The actual word used in Greek here is Agape. God-love. Chosen love. This is the type of love that God has for us -- in fact, His Agape Love is so strong that He sent Jesus on the cross to die for us, even though we did not deserve it.

The reason Agape is used over and over in this chapter is because it is literally the most important thing we can do as a believer, and at the same time the most powerful thing we can do. Because Agape love is chosen, it’s always pure. You can’t corrupt Agape love -- as soon as you try, it’s no longer Agape but becomes one of the other types.

If we truly love another person, then we want what’s best for them, even at the expense of ourselves. This is how marriages last; this is how families stay together; this is how any relationship can weather the difficulties that life throws our way.

Your husband or wife gains 600 pounds and becomes the star of a reality show about morbidly obese people? Chances are you will no longer be sexually attracted to him or her. But if you both choose Agape love, your marriage will last.

When my wife's brother died, her parents could have ended up blaming each other and eventually ended their marriage. But they didn’t -- because they chose Agape love for each other and their daughters.

If your best friend does something to hurt you deeply, but they come back to you later truly sorry and feeling terrible about what they did, choose to show Agape love. Forgive them.

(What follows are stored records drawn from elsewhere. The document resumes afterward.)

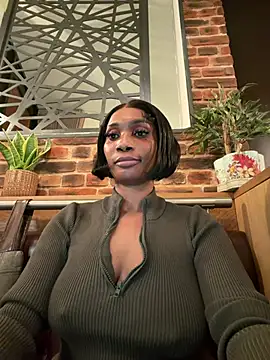 Chat +18 de ___Nessa ao vivo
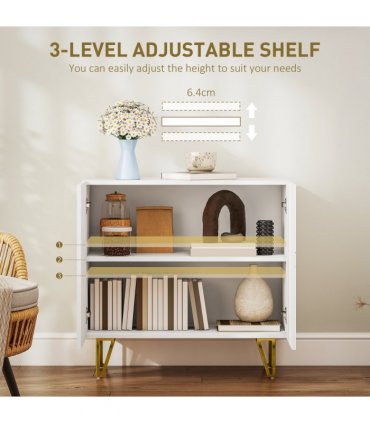 Bookcase Cabinet/Storage Cabinet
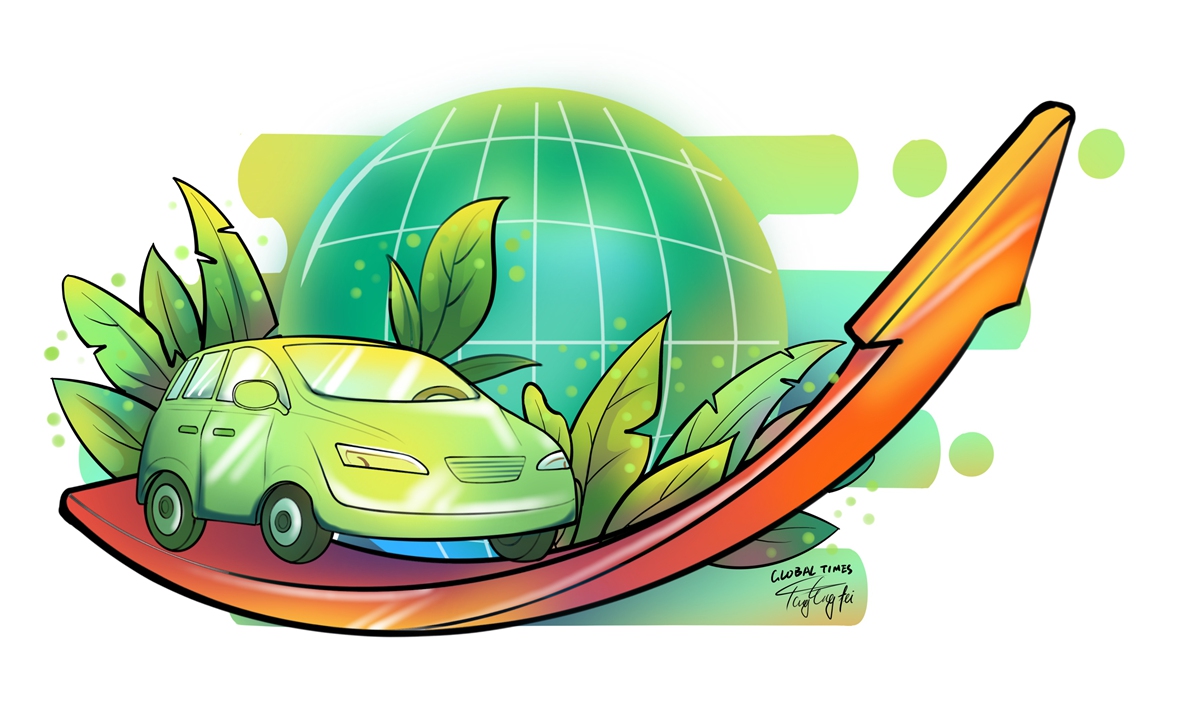 ¿La venta masiva mundial del "nuevo trío" es realmente un "dumping"?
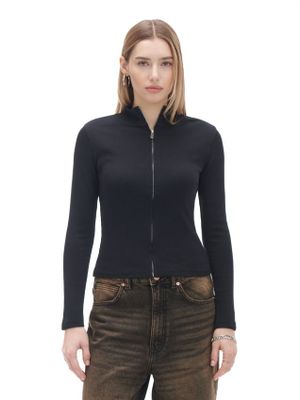 Bluzka damska ze sklepu: Cropp w kategorii: Bluzki damskie - zdjęcie 4198BBB-532-6969_9627Y-99X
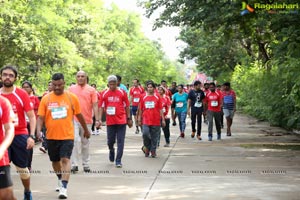 Airtel Hyderabad Marathon 2019 10K, HM & FM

Agape love is not easy. In fact, it’ll be one of the hardest things you’ll ever have to do. But Agape love is exactly what Jesus was describing in the Great Commission. When Jesus told His disciples to go out into all the world and share the gospel, His disciples understood that as an example of Agape love. Only loving a complete stranger with Agape love is enough for us to go up to them and save them from certain death by sharing the gospel.